== Material shown ==

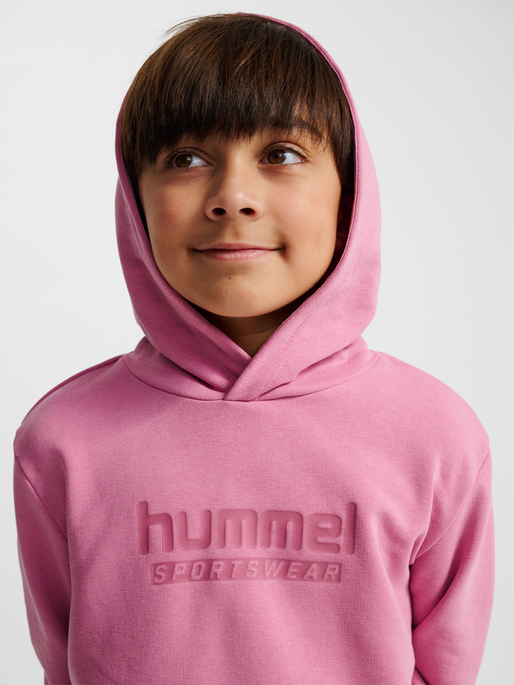 hmlJR BASE HOODIE, POLIGNAC, model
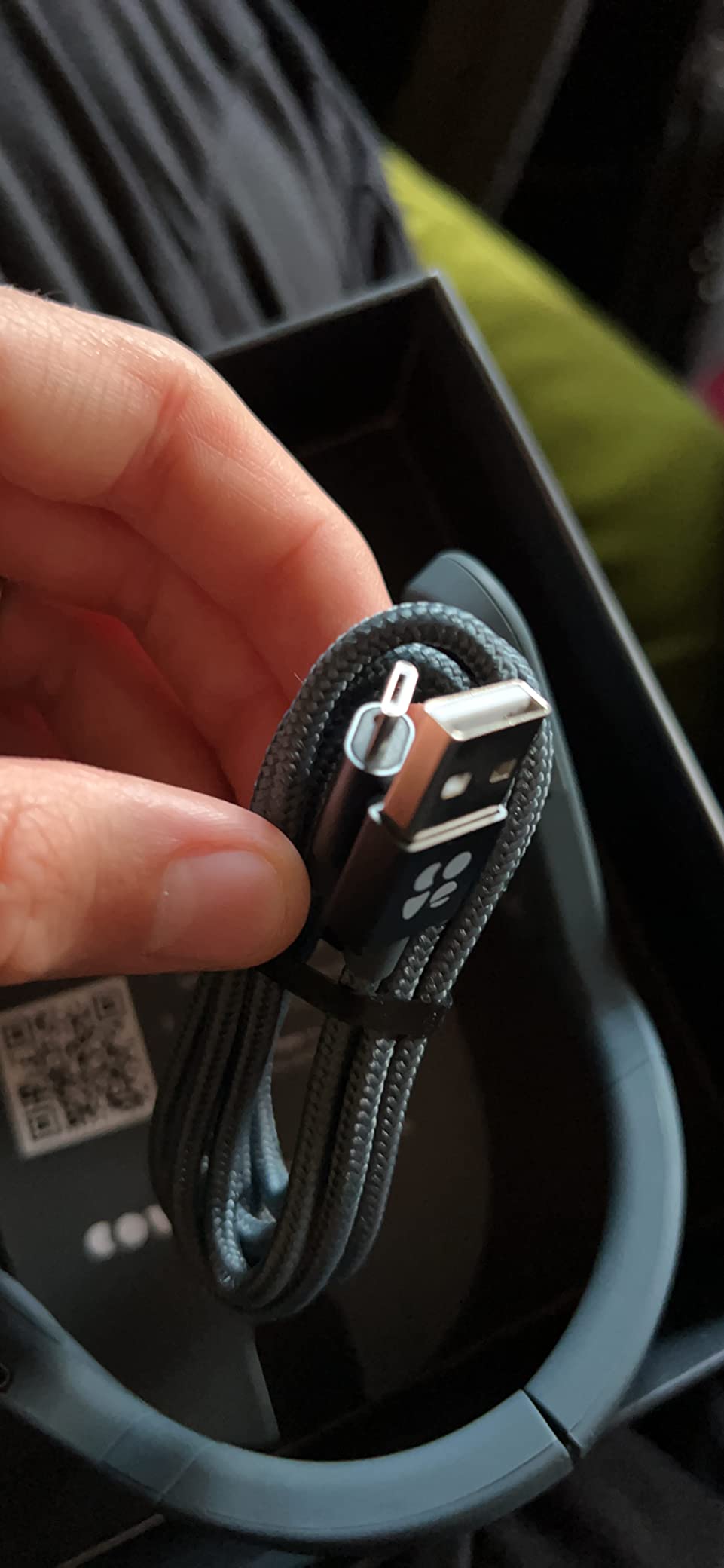 COVE - Wearable Device to Improve Sleep, Relieve Stress/Anxiousness & Improve Mental Performance. Comes with prepaid 12-Month Membership. AI-Based biometric Feedback After Each Session. customer photo 2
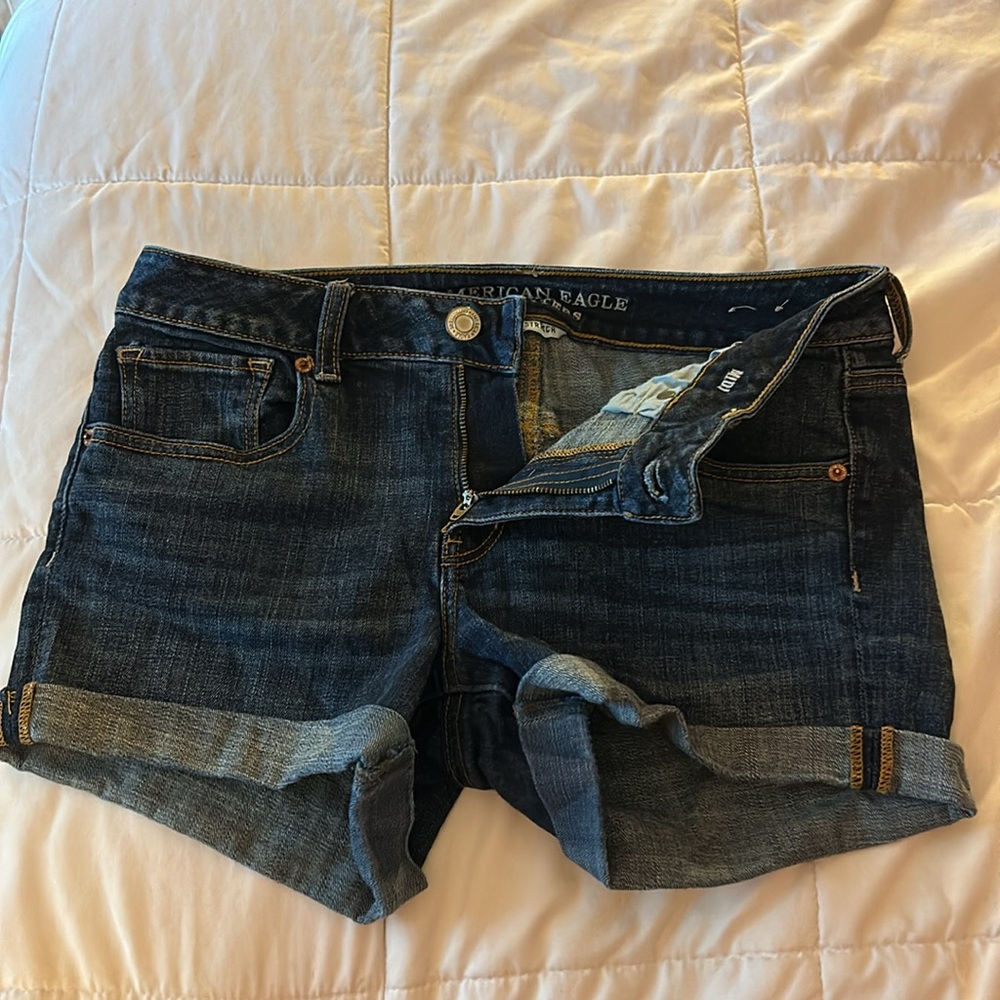 Super Stretch Midi Jean Shorts - Picture 6 of 6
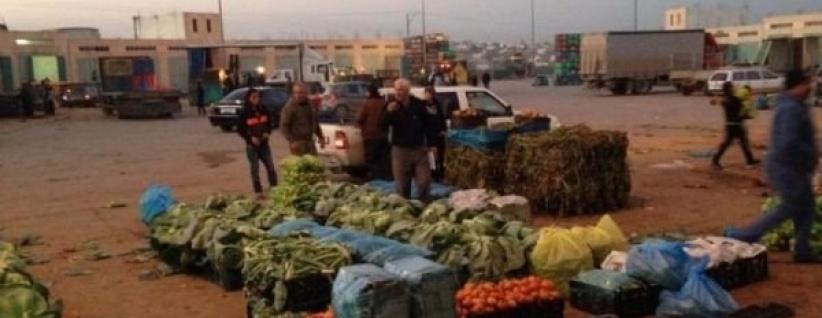 الاحتلال يغلق سوق خضار المركزي جنوب نابلس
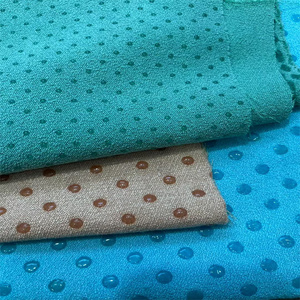 Tissu en feutre antidérapant en microfibre imprimé fleurs de prunier et <span class=keywords><strong>pois</strong></span> pour matelas - Product Image 6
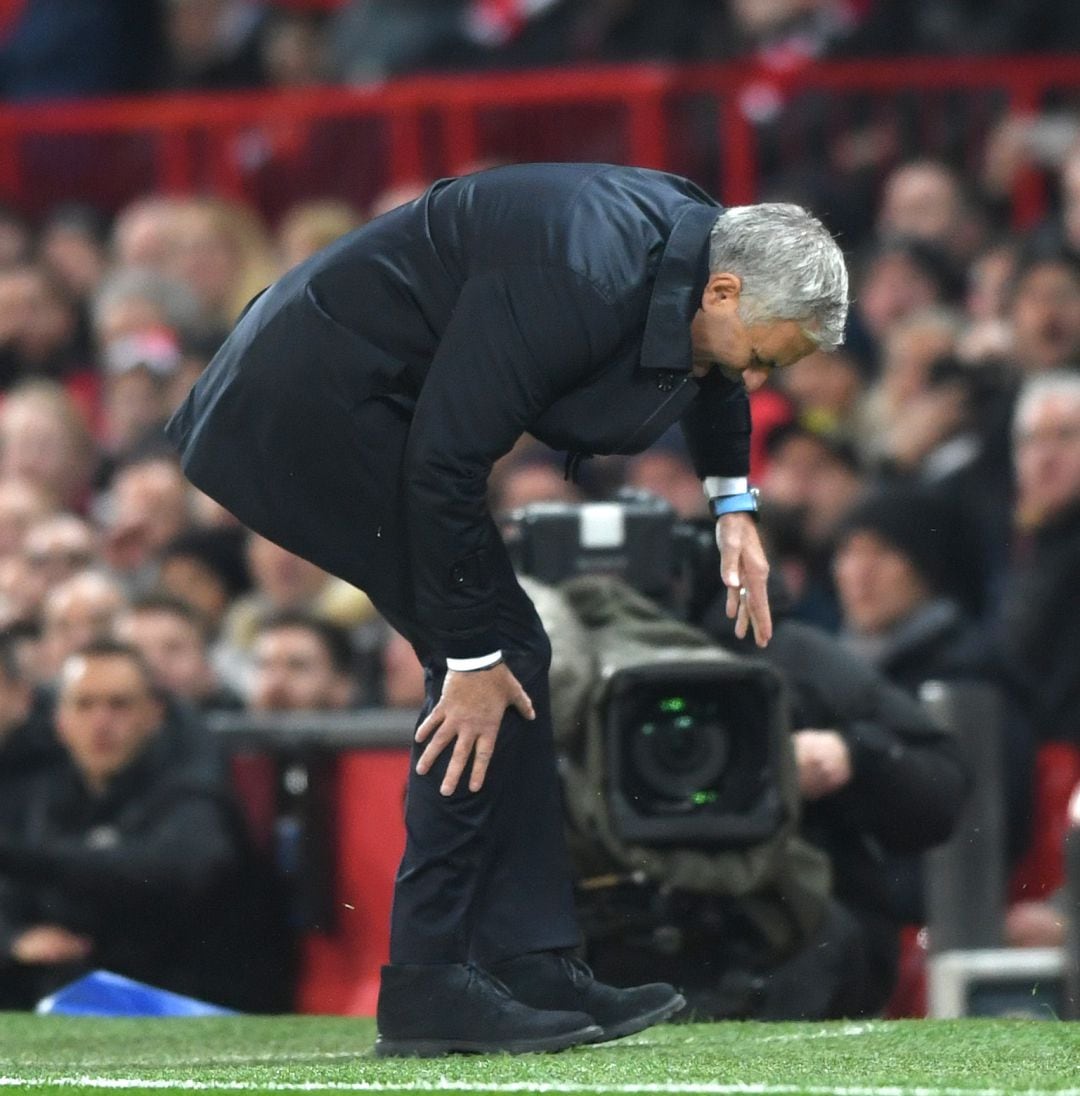 José Mourinho resintiéndose del golpe que recibió en una acción fortuita durante el Manchester Utd vs Tottenham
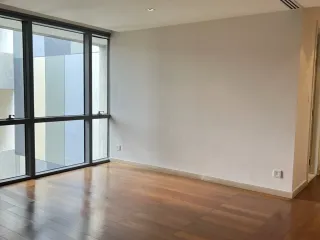 For sale 3 ベッドルーム condo in Yan Nawa, Bangkok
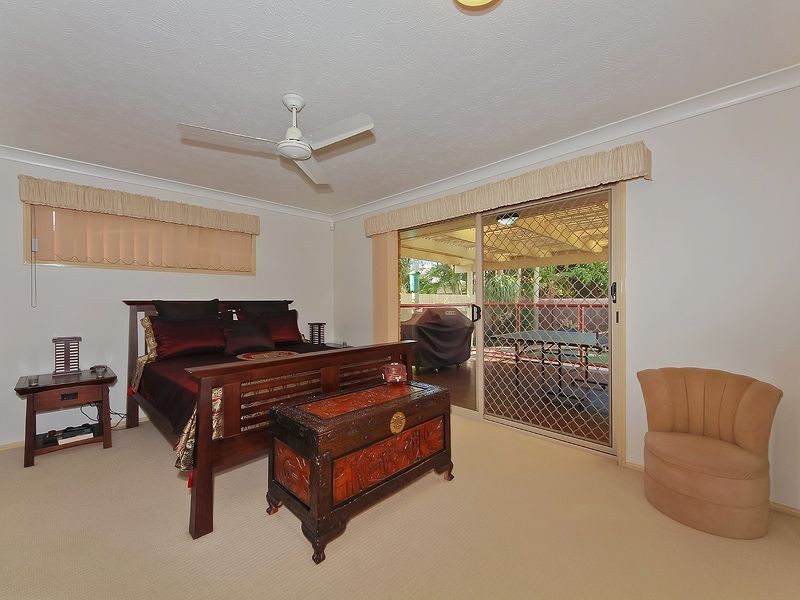 51 Auk Avenue, Burleigh Waters QLD 4220
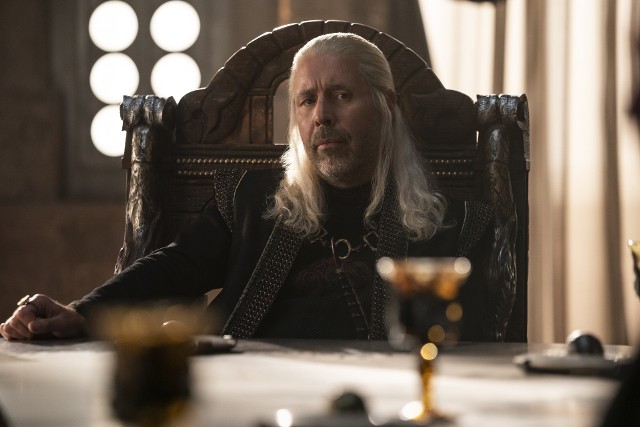 Paddy Considine jako król Viserys TargaryenWybrany jako sukcesor króla Jaehaerysa Targaryena. Ciepły, miły i przyzwoity człowiek. Viserys pragnie kontynuować spuściznę swojego dziadka. Jednak dobrzy ludzie niekoniecznie są wielkimi królami.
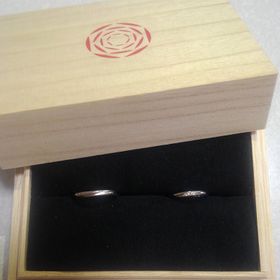 【出雲結(いずもゆい)の口コミ】 出雲結さんの指輪のうち、2種類で最後まで迷いに迷いましたが、上品で流れ…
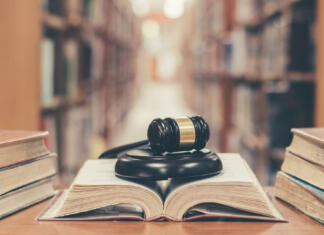 7 pravic, ki ti jih ne more nihče odvzeti: Vse o absolutnih pravicah World book and copyrights day and international legal rights concept with old book in library with judge gavel on open law textbook in court archive text collection study room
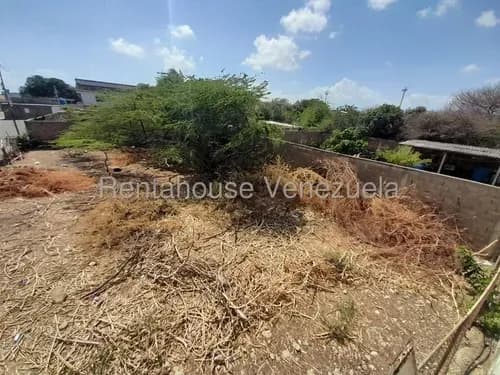 Amplio Terreno En Venta En Sector San Bosco, Cerca De La Av. Los Medanos # 26-19441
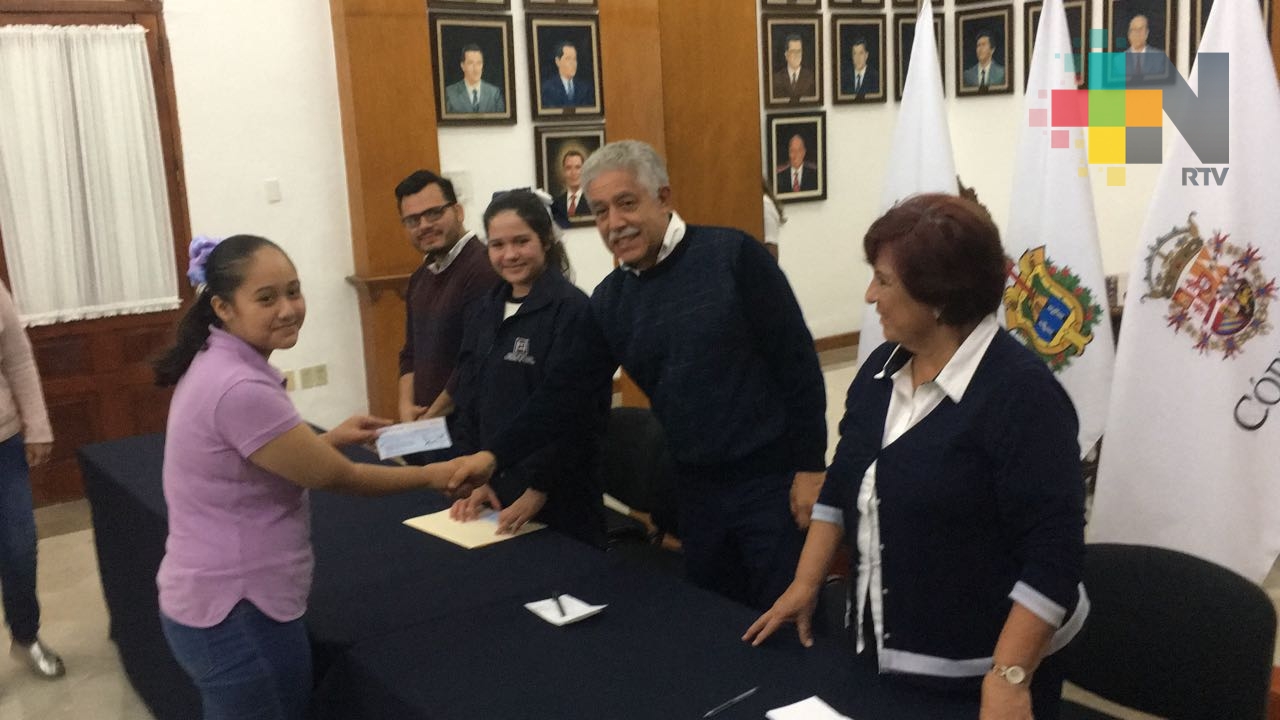 Entregan Becas de Excelencia a estudiantes de Córdoba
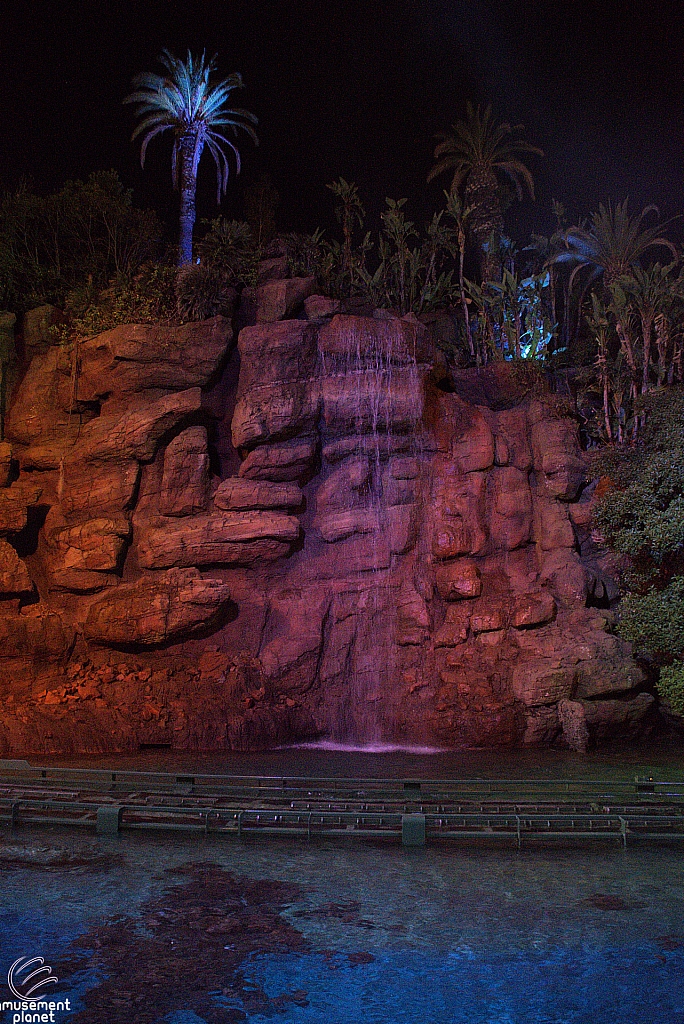 Jurassic World: The Ride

===

> _Work to be completed_:
Word for word, write out each of the records, but not the pictures.

> _Answer for this exercise_:
 hmlJR BASE HOODIE, POLIGNAC, model
 COVE - Wearable Device to Improve Sleep, Relieve Stress/Anxiousness & Improve Mental Performance. Comes with prepaid 12-Month Membership. AI-Based biometric Feedback After Each Session. customer photo 2
 Super Stretch Midi Jean Shorts - Picture 6 of 6
 الاحتلال يغلق سوق خضار المركزي جنوب نابلس
 Tissu en feutre antidérapant en microfibre imprimé fleurs de prunier et <span class=keywords><strong>pois</strong></span> pour matelas - Product Image 6
 José Mourinho resintiéndose del golpe que recibió en una acción fortuita durante el Manchester Utd vs Tottenham
 For sale 3 ベッドルーム condo in Yan Nawa, Bangkok
 51 Auk Avenue, Burleigh Waters QLD 4220
 Paddy Considine jako król Viserys TargaryenWybrany jako sukcesor króla Jaehaerysa Targaryena. Ciepły, miły i przyzwoity człowiek. Viserys pragnie kontynuować spuściznę swojego dziadka. Jednak dobrzy ludzie niekoniecznie są wielkimi królami.
 【出雲結(いずもゆい)の口コミ】 出雲結さんの指輪のうち、2種類で最後まで迷いに迷いましたが、上品で流れ…
 7 pravic, ki ti jih ne more nihče odvzeti: Vse o absolutnih pravicah World book and copyrights day and international legal rights concept with old book in library with judge gavel on open law textbook in court archive text collection study room
 Amplio Terreno En Venta En Sector San Bosco, Cerca De La Av. Los Medanos # 26-19441
 Entregan Becas de Excelencia a estudiantes de Córdoba
 Jurassic World: The Ride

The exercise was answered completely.